> **Required work**
Print nothing but the lines below starting at the line that holds "Extendable Aluminum Patio" and ending at the line that holds "40款抽象图形多彩图案背景纹理 Abstract Colorful", including both, each exactly as written.

> **The data**
☆ ☆ ☆ ☆

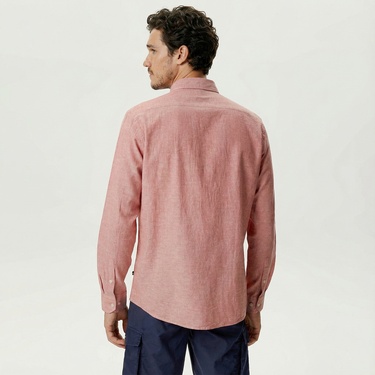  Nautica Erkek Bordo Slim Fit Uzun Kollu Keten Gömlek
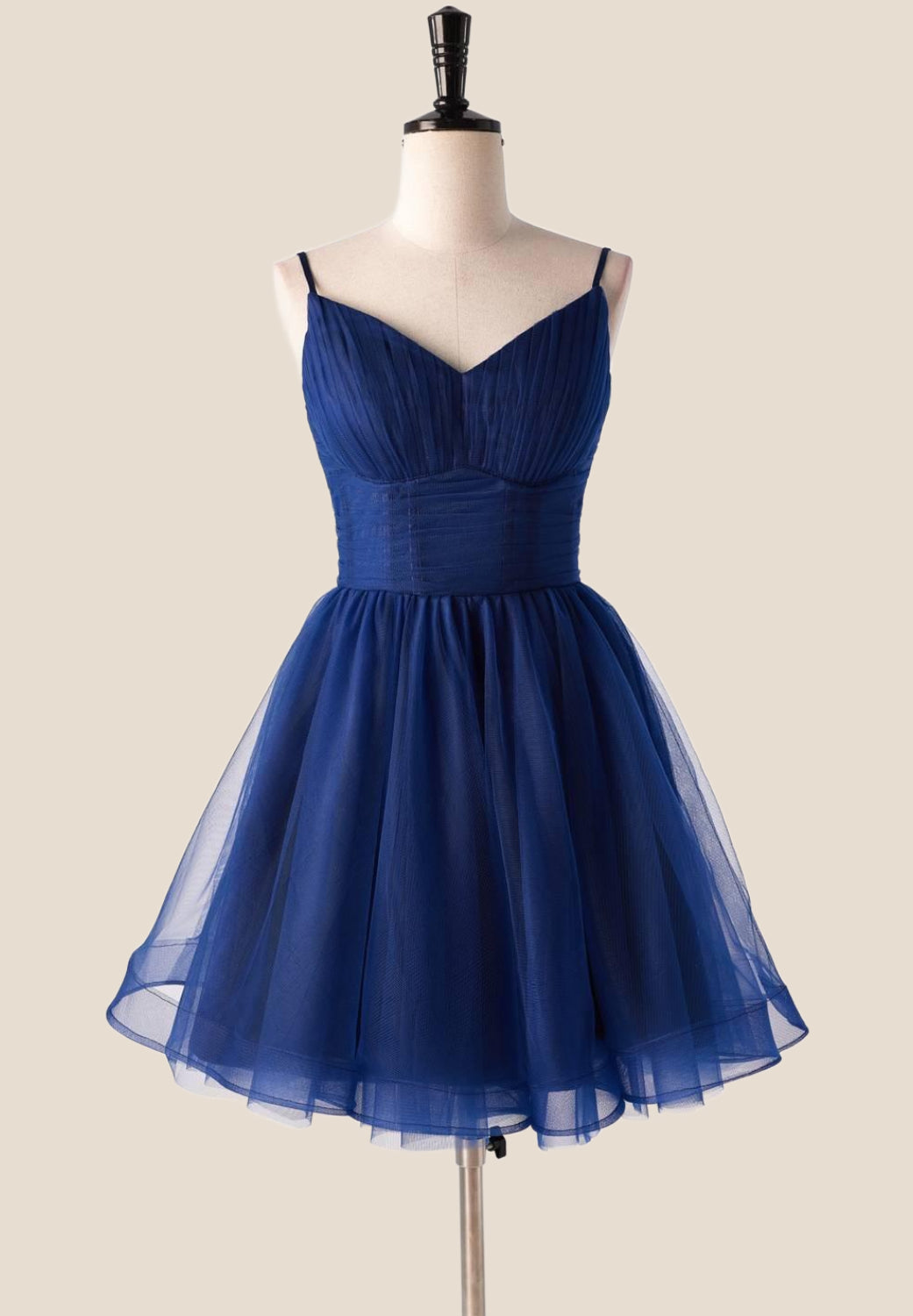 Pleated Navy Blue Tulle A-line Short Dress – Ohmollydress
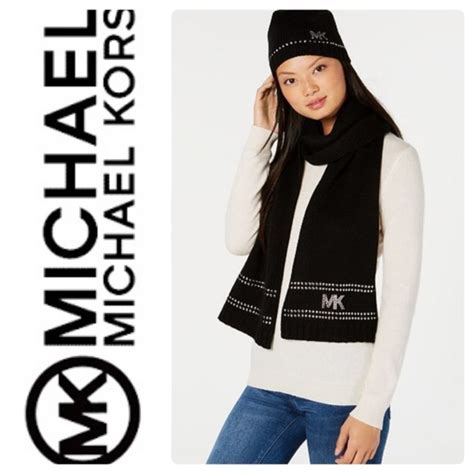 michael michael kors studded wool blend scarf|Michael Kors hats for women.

☆ ☆ ☆ ☆

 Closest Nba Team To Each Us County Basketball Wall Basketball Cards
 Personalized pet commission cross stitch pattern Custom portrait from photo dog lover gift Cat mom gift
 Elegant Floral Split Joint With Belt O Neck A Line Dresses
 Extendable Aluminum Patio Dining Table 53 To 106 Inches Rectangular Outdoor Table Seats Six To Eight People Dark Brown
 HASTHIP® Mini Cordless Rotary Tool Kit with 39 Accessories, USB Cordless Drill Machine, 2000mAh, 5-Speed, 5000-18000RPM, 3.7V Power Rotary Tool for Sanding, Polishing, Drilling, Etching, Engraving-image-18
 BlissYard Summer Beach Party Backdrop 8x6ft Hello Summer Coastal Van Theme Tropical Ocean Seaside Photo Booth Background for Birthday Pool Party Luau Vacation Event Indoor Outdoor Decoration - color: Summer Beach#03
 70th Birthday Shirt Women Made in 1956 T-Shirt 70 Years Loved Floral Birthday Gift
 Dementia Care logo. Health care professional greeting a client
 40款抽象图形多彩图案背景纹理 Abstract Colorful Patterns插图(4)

☆ ☆ ☆ ☆

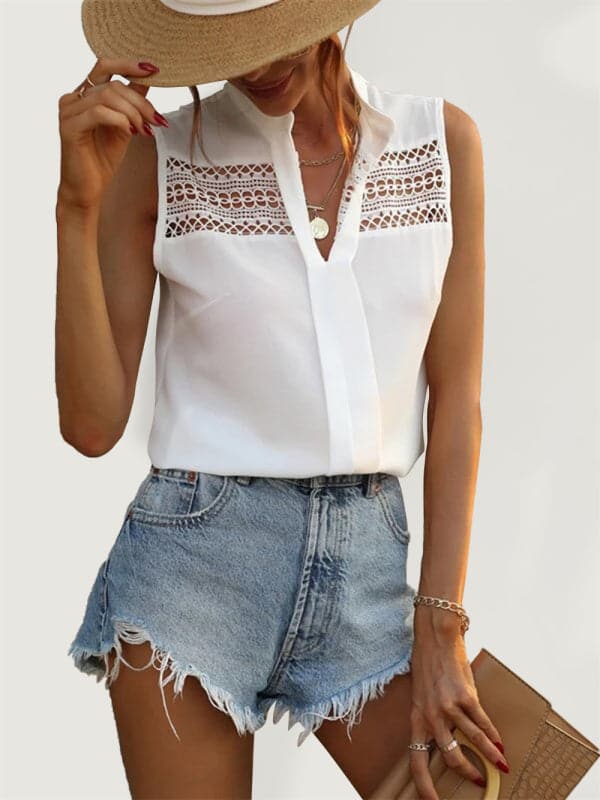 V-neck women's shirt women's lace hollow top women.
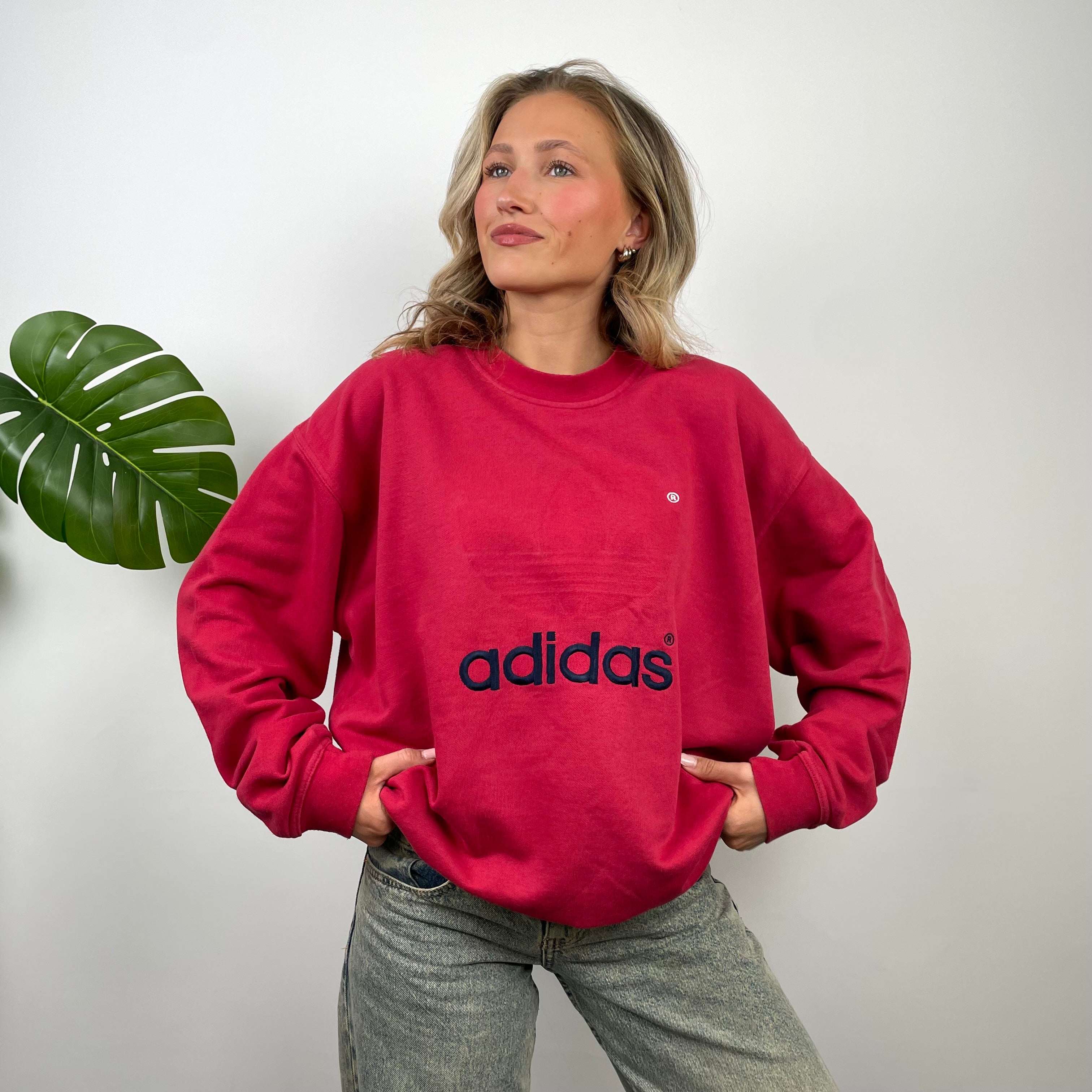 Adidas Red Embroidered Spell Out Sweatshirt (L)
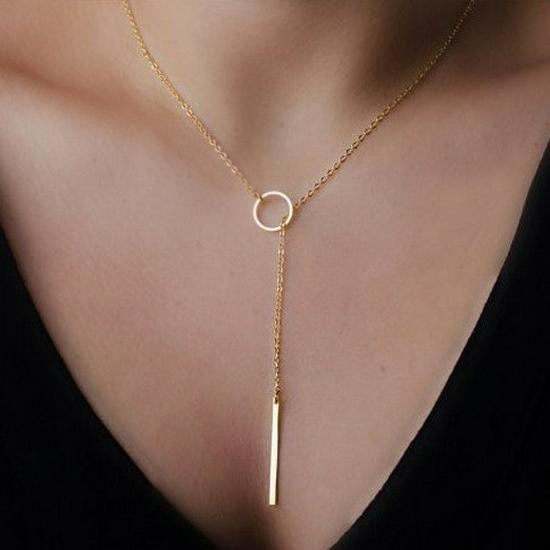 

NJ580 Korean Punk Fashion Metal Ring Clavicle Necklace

☆ ☆ ☆ ☆

> **Answer space**
 Extendable Aluminum Patio Dining Table 53 To 106 Inches Rectangular Outdoor Table Seats Six To Eight People Dark Brown
 HASTHIP® Mini Cordless Rotary Tool Kit with 39 Accessories, USB Cordless Drill Machine, 2000mAh, 5-Speed, 5000-18000RPM, 3.7V Power Rotary Tool for Sanding, Polishing, Drilling, Etching, Engraving-image-18
 BlissYard Summer Beach Party Backdrop 8x6ft Hello Summer Coastal Van Theme Tropical Ocean Seaside Photo Booth Background for Birthday Pool Party Luau Vacation Event Indoor Outdoor Decoration - color: Summer Beach#03
 70th Birthday Shirt Women Made in 1956 T-Shirt 70 Years Loved Floral Birthday Gift
 Dementia Care logo. Health care professional greeting a client
 40款抽象图形多彩图案背景纹理 Abstract Colorful Patterns插图(4)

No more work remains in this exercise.